Your alarm clock goes off and you immediately feel the troubles of the day pile up. Suddenly you’re overwhelmed with all the work that seems impossible to get done.
Having a morning ritual can be helpful to your mental health.
Clinical psychologist from the South African Depression and Anxiety Group, Dr Colinda Linde recommends these five morning routines to help you get through the day.
Make sure you set your alarm clock the night before, or set it to repeat if you wake up at the same time; it will help you get out of bed if you usually struggle.
Your body can get used to waking up at a certain time, and in the long run, you may not even need to use your alarm.
Prep the night before
Before going to bed at night, write down what you wish to get done the next day. Plan everything – what you will eat for breakfast, the routes you will take to work and your tasks for that day.
This should put less pressure on you when you wake up. Read the plan in the morning and try to follow it as it is written.
A five-year study done by psychiatrist John Denninger at Harvard Medical School shows eight weeks of 12 to 20 minutes meditation a day produces a significant 43% increase in telomerase which has enzymes that slow down the aging of your cells.
So start with a breathing exercise, yoga or prayer, you will have less stress when starting the day.

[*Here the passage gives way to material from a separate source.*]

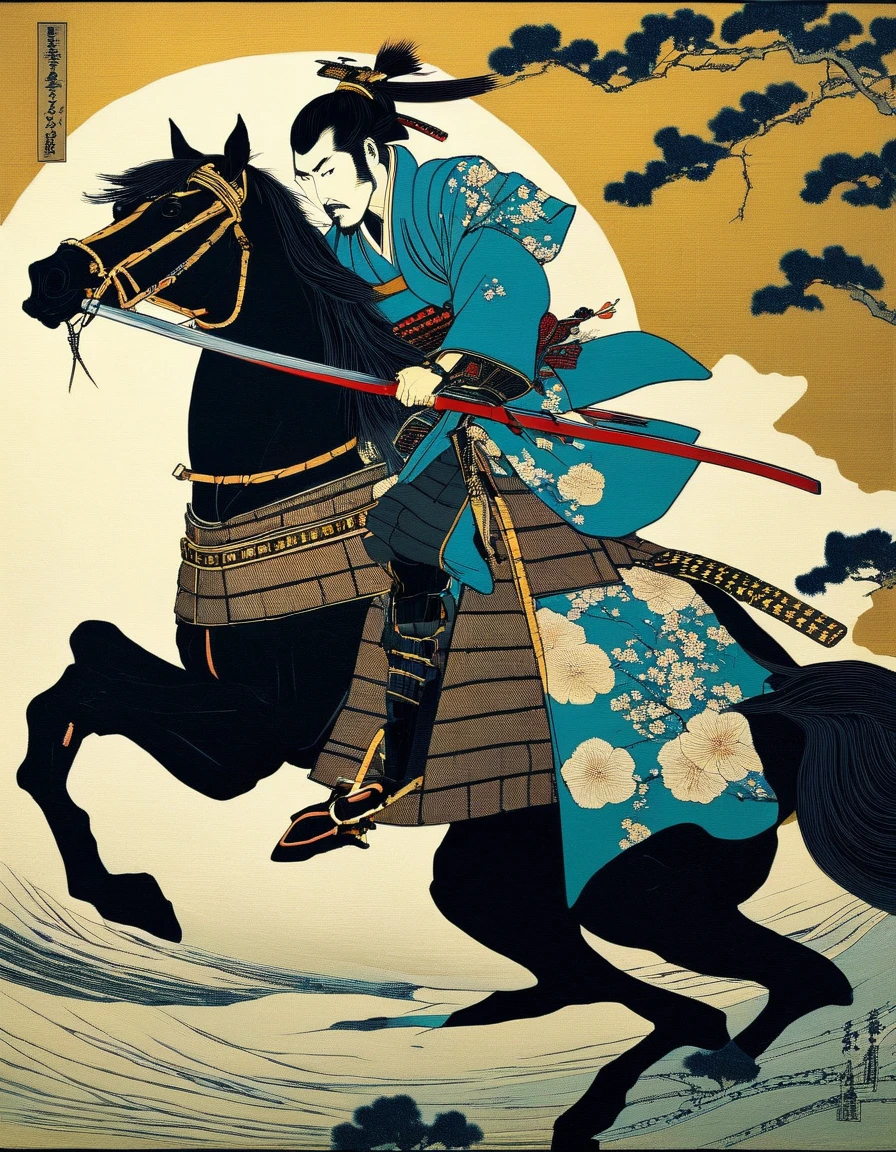 There is a man dressed as a samurai riding a horse, Japanese warrior, Japanese samurai, Dressed in old samurai uniform, Dressed in samurai armor, wearing samurai armor, Ashigaru bow, wearing kimono armor, Samurai warrior, Wearing kimono armor, ancient japanese samurai, samurai style, samurai costume, samurai armor, The samurai is wrapped in chains inspired by hokusai style(art inspired by Bill Sienkiewicz). oil painting)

Breakfast is likely to improve mental function related to memory. By eating a healthy breakfast every morning, you can help yourself have a productive day, think clearer and smarter.
Studies by the South African Heart Association show that moderate exercise, such as taking a walk, reduces risk of stroke by 20% in moderately active people and by 27% in those who are highly active.
It’s recommended that you start your day with a 30-minute exercise or activity five days a week. This will be good for both your mental well-being and fitness.